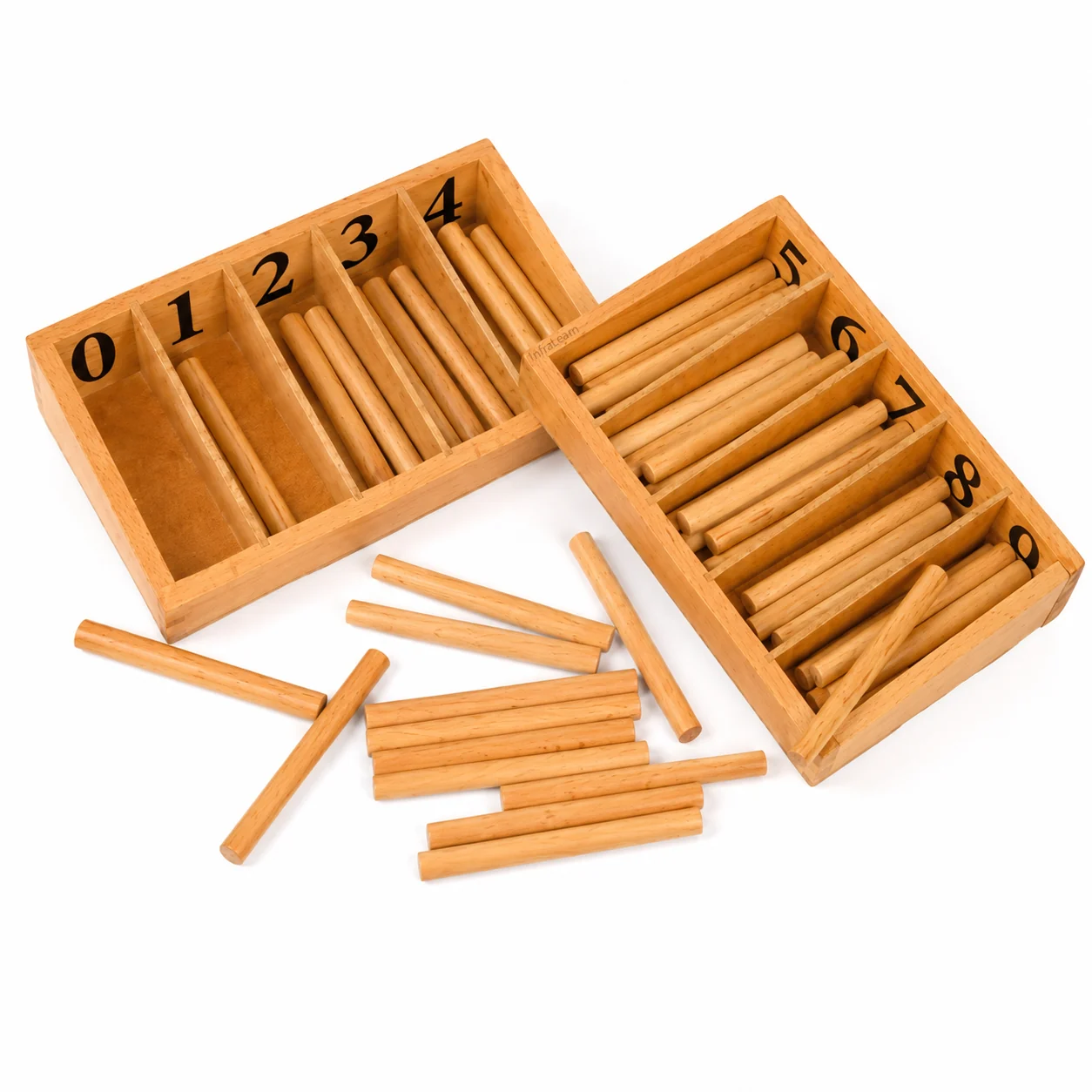 Montessori spindle box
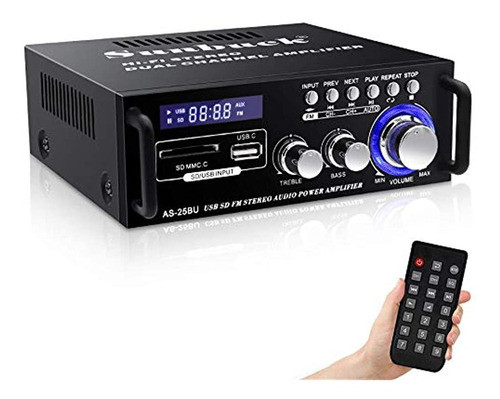 Amplificador Estéreo Inalámbrico Bluetooth De 180 W, Recepto 0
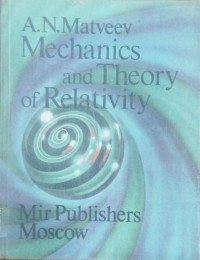 Image of Mechanics and theory of Relativity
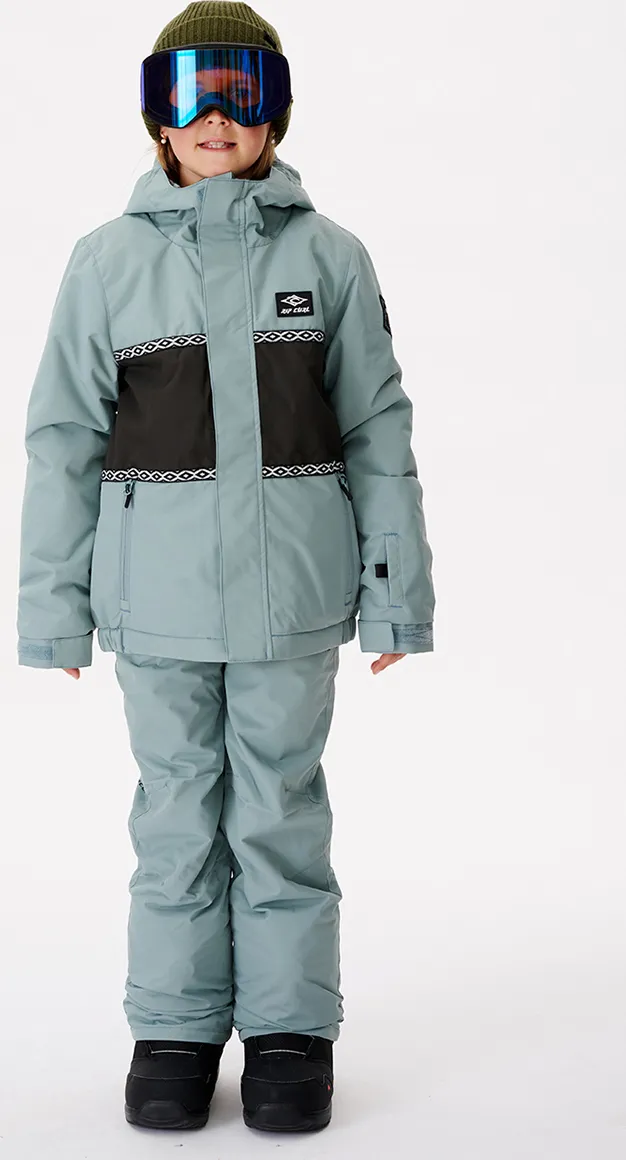 Rip Curl Kids&#x27; Olly Snow Jacket Mineral Blue | Buy Rip Curl Kids&#x27; Olly Snow Jacket Mineral Blue here | Outnorth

WHAT YOU SHOULD DO → Reproduce the data above exactly, leaving out any picture in it.

RESPONSE AREA →
 Montessori spindle box
 Amplificador Estéreo Inalámbrico Bluetooth De 180 W, Recepto 0
 Image of Mechanics and theory of Relativity
 Rip Curl Kids&#x27; Olly Snow Jacket Mineral Blue | Buy Rip Curl Kids&#x27; Olly Snow Jacket Mineral Blue here | Outnorth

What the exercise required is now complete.